_Data provided_:
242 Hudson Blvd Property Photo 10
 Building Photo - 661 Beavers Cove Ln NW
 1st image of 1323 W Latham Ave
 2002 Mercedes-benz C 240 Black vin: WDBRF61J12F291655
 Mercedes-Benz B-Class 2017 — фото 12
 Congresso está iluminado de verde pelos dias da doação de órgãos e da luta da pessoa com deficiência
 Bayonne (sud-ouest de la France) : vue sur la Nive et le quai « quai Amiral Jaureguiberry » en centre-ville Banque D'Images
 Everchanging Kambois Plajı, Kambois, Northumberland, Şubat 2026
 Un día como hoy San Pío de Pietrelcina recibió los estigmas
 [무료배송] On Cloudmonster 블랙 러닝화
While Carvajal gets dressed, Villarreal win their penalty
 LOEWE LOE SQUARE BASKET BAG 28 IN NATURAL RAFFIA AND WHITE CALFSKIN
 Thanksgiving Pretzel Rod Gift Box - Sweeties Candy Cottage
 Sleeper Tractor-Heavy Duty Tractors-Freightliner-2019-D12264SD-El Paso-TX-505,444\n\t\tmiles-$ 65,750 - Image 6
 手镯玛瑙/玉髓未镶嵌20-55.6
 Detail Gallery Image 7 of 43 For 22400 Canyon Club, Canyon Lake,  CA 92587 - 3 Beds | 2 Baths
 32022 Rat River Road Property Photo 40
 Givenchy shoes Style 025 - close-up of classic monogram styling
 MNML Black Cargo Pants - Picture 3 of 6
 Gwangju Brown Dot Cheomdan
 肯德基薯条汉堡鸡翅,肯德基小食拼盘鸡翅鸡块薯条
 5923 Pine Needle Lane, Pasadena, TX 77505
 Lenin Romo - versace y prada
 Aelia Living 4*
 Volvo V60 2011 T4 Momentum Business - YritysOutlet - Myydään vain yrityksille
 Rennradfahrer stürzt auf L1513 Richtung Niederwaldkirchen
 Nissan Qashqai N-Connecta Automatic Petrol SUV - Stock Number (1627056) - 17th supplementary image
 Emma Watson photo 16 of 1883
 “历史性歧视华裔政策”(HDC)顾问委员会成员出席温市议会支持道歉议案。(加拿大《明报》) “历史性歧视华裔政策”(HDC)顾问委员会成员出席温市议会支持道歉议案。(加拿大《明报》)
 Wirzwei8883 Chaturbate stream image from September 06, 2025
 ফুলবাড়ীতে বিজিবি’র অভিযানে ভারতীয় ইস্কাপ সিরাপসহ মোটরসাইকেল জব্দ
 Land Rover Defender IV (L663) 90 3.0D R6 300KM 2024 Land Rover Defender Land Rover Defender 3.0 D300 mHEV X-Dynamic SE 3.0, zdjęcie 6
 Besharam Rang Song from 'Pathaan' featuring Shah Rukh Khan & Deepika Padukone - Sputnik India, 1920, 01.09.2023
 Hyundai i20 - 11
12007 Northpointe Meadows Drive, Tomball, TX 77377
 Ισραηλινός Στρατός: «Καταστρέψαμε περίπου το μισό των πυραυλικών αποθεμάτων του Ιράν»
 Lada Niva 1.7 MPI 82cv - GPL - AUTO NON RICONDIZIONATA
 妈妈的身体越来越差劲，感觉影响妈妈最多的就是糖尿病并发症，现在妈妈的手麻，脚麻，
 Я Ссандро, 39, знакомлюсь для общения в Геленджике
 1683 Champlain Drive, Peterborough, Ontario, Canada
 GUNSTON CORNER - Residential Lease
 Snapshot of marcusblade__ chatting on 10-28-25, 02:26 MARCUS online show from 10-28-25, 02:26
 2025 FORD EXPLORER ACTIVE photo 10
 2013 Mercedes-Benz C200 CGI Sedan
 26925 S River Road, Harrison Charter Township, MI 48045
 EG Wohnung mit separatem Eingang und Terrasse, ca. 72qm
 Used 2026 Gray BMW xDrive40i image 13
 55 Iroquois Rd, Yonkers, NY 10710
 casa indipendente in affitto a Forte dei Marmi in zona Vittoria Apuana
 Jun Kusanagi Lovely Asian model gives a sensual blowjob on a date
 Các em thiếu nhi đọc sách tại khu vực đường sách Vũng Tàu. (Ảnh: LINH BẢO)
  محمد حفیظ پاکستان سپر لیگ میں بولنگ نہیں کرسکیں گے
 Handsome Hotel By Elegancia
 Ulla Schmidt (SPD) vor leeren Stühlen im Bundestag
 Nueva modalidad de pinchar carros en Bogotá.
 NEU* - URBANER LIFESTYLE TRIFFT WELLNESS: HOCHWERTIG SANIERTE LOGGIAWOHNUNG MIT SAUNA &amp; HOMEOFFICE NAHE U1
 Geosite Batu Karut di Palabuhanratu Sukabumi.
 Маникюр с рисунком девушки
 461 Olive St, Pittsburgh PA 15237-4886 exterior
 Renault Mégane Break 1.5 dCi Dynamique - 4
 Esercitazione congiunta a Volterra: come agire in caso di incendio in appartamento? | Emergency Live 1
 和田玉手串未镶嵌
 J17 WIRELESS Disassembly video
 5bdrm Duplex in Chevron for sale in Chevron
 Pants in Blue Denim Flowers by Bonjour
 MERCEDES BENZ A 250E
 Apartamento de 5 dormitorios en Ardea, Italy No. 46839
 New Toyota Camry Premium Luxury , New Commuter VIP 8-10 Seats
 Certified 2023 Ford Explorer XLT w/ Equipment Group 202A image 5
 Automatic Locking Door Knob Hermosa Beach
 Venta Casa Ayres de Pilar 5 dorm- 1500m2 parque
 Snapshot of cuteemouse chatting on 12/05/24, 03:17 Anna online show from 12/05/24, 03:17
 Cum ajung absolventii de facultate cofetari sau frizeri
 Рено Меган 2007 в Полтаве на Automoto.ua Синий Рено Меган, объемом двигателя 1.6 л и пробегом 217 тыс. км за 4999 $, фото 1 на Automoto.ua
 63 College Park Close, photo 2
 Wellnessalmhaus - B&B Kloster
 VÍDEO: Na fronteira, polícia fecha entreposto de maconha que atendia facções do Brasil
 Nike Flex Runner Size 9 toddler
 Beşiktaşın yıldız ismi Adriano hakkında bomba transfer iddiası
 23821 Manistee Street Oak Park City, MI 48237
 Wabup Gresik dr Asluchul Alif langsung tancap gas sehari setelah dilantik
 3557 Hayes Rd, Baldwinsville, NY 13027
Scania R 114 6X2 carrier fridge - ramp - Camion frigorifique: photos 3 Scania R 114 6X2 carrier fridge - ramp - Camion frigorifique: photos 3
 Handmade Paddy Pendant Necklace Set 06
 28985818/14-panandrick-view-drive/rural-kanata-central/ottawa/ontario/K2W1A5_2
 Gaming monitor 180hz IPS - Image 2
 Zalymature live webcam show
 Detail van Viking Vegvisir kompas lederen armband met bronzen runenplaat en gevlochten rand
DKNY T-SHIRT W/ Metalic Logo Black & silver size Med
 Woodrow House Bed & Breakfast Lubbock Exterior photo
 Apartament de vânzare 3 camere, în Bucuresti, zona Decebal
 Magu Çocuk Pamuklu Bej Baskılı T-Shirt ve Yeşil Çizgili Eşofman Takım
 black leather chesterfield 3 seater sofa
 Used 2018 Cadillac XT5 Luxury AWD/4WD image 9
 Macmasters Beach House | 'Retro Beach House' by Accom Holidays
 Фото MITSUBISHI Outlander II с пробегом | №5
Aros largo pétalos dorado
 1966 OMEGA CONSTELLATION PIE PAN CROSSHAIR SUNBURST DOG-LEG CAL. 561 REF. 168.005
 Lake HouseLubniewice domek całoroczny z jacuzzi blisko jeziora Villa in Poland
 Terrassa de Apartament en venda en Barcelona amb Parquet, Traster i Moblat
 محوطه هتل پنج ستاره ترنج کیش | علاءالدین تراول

_What you have to do_: All lines of the listing holding the string "Used" must be returned, copied as they stand.

_Final answer_:
 Used 2026 Gray BMW xDrive40i image 13
 Used 2018 Cadillac XT5 Luxury AWD/4WD image 9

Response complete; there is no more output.